3.4 Simulation Study

Below there are the results of a simulation study presented, they are performed for an analysis of the described estimating procedure efficiency. As initial data, data from the paper [3] have been used. Let us describe one. A random environment has three states \((k = 3,\,E =\{ 1,2,3\})\). Transition intensities {λ i, j } from state i to state j, (i, j = 1, 2, 3) are given by a matrix

$$\displaystyle\begin{array}{rcl} \lambda = (\lambda _{i,j}) = \left (\begin{array}{*{10}c} 0 &0.2&0.3\\ 0.1 & 0 &0.2 \\ 0.4&0.2& 0 \end{array} \right ).& &{}\end{array}$$
(3.8)

Let a number of the considered elements n equals 5. For the environment state i ∈ E, all elements have a constant failure rate γ i (t) = β i and they fail independently. Therefore, a last time till a given element failure (for the same state i of the environment) has the exponential distribution with parameter β i . These parameters must be estimated. For that purpose a sample is given. It contains a sequence of n + 1 pairs: \((x,j) =\{ (x_{j(r)},j(r)),\,r = 0,\ldots,n\}\), where x j(r) is the rth order statistic of n-sample, and j(r) = J(x (r)) is an environment state in the instant x (r). The initial pair (x (0), j(0)) equals (0, 1).

All the mentioned sampling data are given and are used in an estimating procedure. Own samples are simulated for the following parameter values: \(\beta = (\beta _{1}\;\beta _{2}\;\beta _{3})^{T} = (0.1\;0.2\;0.3)^{T}\). It is convenient to present these data as 3 × (n + 1) matrix. An example of such matrix for n = 5 is the following:

$$\displaystyle\begin{array}{rcl} \mathit{Sample} = \left (\begin{array}{*{10}c} r &0& 1 & 2 & 3 & 4 & 5\\ x_{ (r)} & 0&0.624&1.502&2.009&8.711&9.429 \\ J(x_{(r)})&1& 1 & 2 & 1 & 3 & 3 \end{array} \right ).& & {}\\ \end{array}$$

In the simulation process, samples are generated one by one. Various samples are independent. Each sample corresponds to the appointed initial state of the environment: a sample with number 3i + j corresponds to the initial state \(J(0) = j;\,j = 1,2,3;\,i = 0,\ldots \,\). Further, q such three samples (with the initial states j = 1, 2, 3) form a block, containing 3q samples. A maximum log-likelihood estimate (MLE) \(\tilde{\beta }= (\tilde{\beta _{1}},\,\tilde{\beta _{2}},\,\tilde{\beta _{3}})^{T}\) is calculated for each block.

In broad outline, a procedure is as follows. For each sample, a changing of the environment J(t),  t > 0, and instants of element failure x (r), \(r = 1,\ldots,n\), are simulated.
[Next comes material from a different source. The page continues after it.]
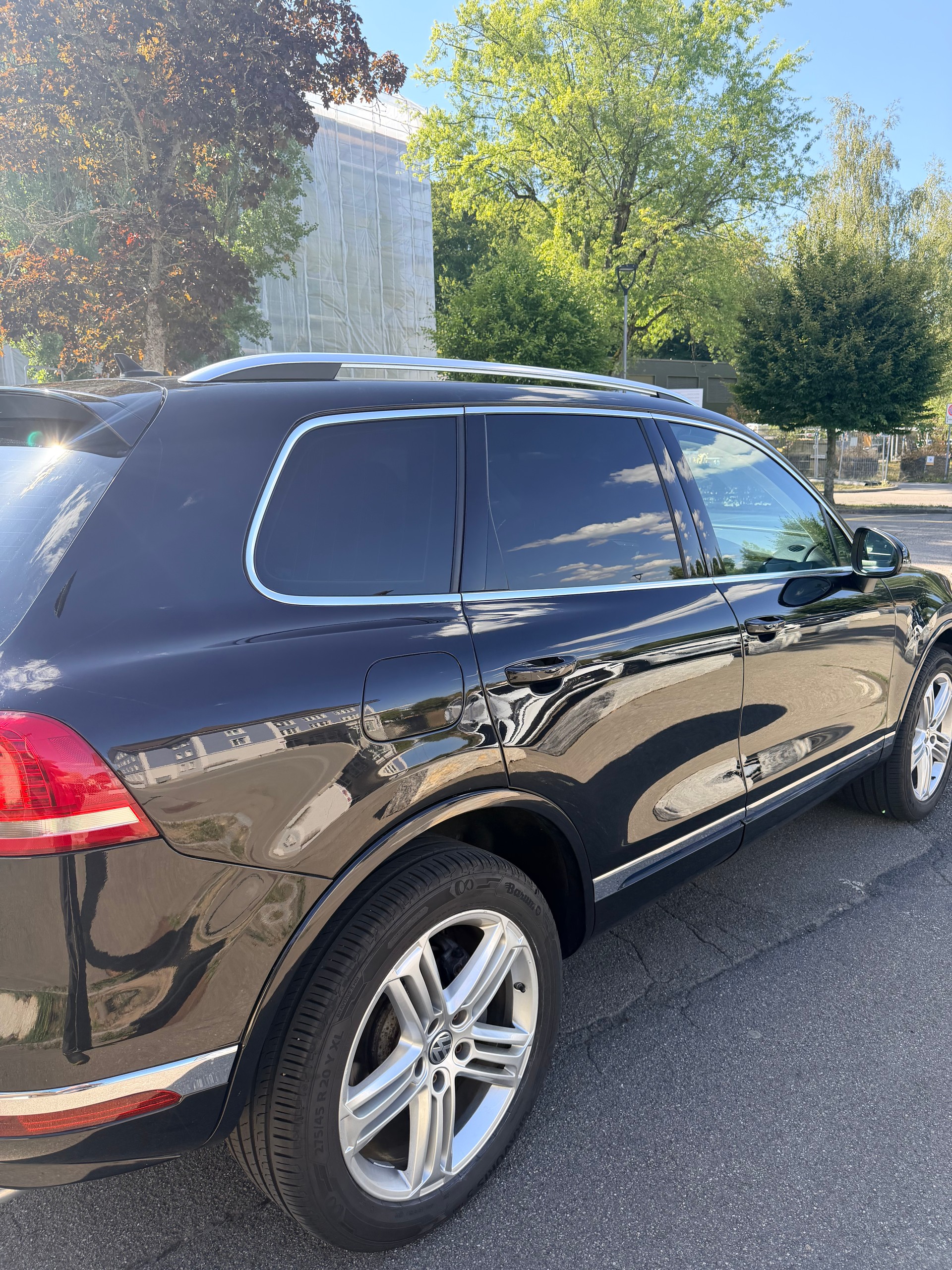 VW 3.0 V6 TDI 262 BlueMT-image-2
Then, for the sample, a logarithm of likelihood function (3.4) and its gradient (3.5) or (3.6) are recorded. These expressions are used for MLE calculation. As an optimization method, the gradient method has been used.

The gradient method is given by the following parameters: n is a sample size (initial number of system elements); b 0 is an initial value of parameter estimate; d is a step of moving along the gradient; \(\varepsilon\) is a maximum module of a difference between sequential values of the parameter estimate β, for which a calculation is ended; L is a limit number of a gradient recalculation during moving from an initial point; K is a number of addends, appreciated in an expansion of the matrix exponent (3.7); 3q is a number of the samples in the block.
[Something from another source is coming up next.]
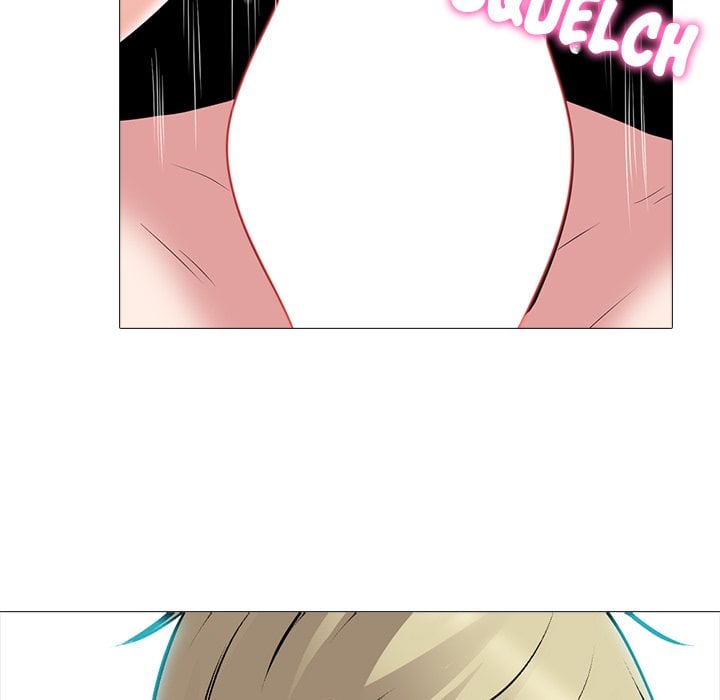 Extra Credit - Chapter 109 13 Extra Credit - Chapter 109 13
A set of such parameters numerical values \((n,b_{0},d,\varepsilon,L,K,q)\) is called an experiment design. Below, the results of simulation study are presented.

In Table 3.1 the corresponding results are presented for the design experiment n = 5, b 0 = (0. 08 0. 22 0. 328)T, d = 0. 015, \(\varepsilon = 0.01\), L = 20, K = 20, r = 5, q = 5 and various values of total block number N. In the first column the initial value of the estimate b 0 = (0. 08 0. 22 0. 328)T is written. The following columns there are the estimate values given by averaging over N blocks. For a big number of the blocks, the coefficients d and \(\varepsilon\) have been changed. Namely, for N = 15, 17, 19, 21 those values equal 0. 002, and for N = 21, additionally, L = 40.
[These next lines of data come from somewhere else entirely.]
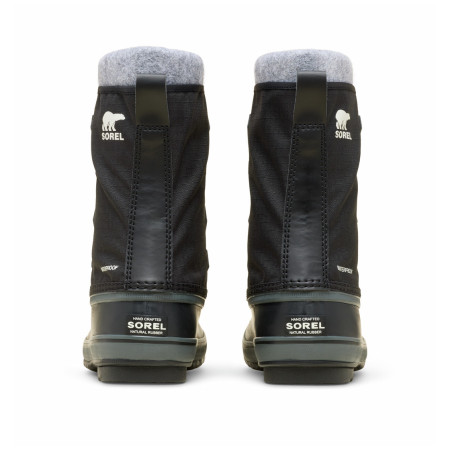 Scarpe invernali da uomo Sorel 1964 Pac™ Nylon Wp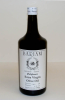 Olive Oil, Bariani (1000 ml / 33.8 oz)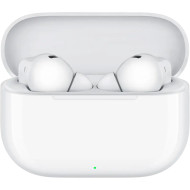 Наушники HUAWEI FreeBuds SE 4 ANC White (55038498)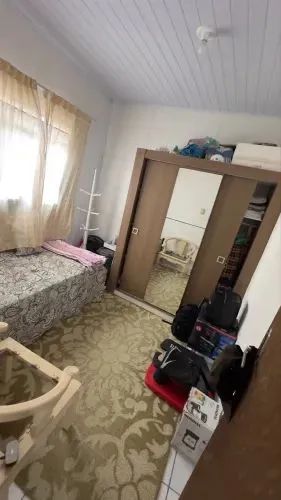 Casa padrão 40 horas  - Foto 2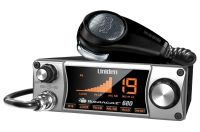 RADIO CB BEARCAT 680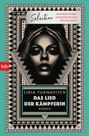 Lidia Yuknavitch: Das Lied der Kämpferin, Buch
Table 3.1 Convergence of the estimates for initial value b 0 = (0. 08 0. 22 0. 328)T

An analysis of the Table 3.1 shows that a convergence to true values (0. 1 0. 2 0. 3) takes place but very slow.

In conclusion we would like to remark that considered approach allows improving probabilistic predictions for functioning of various complex technical and economical systems.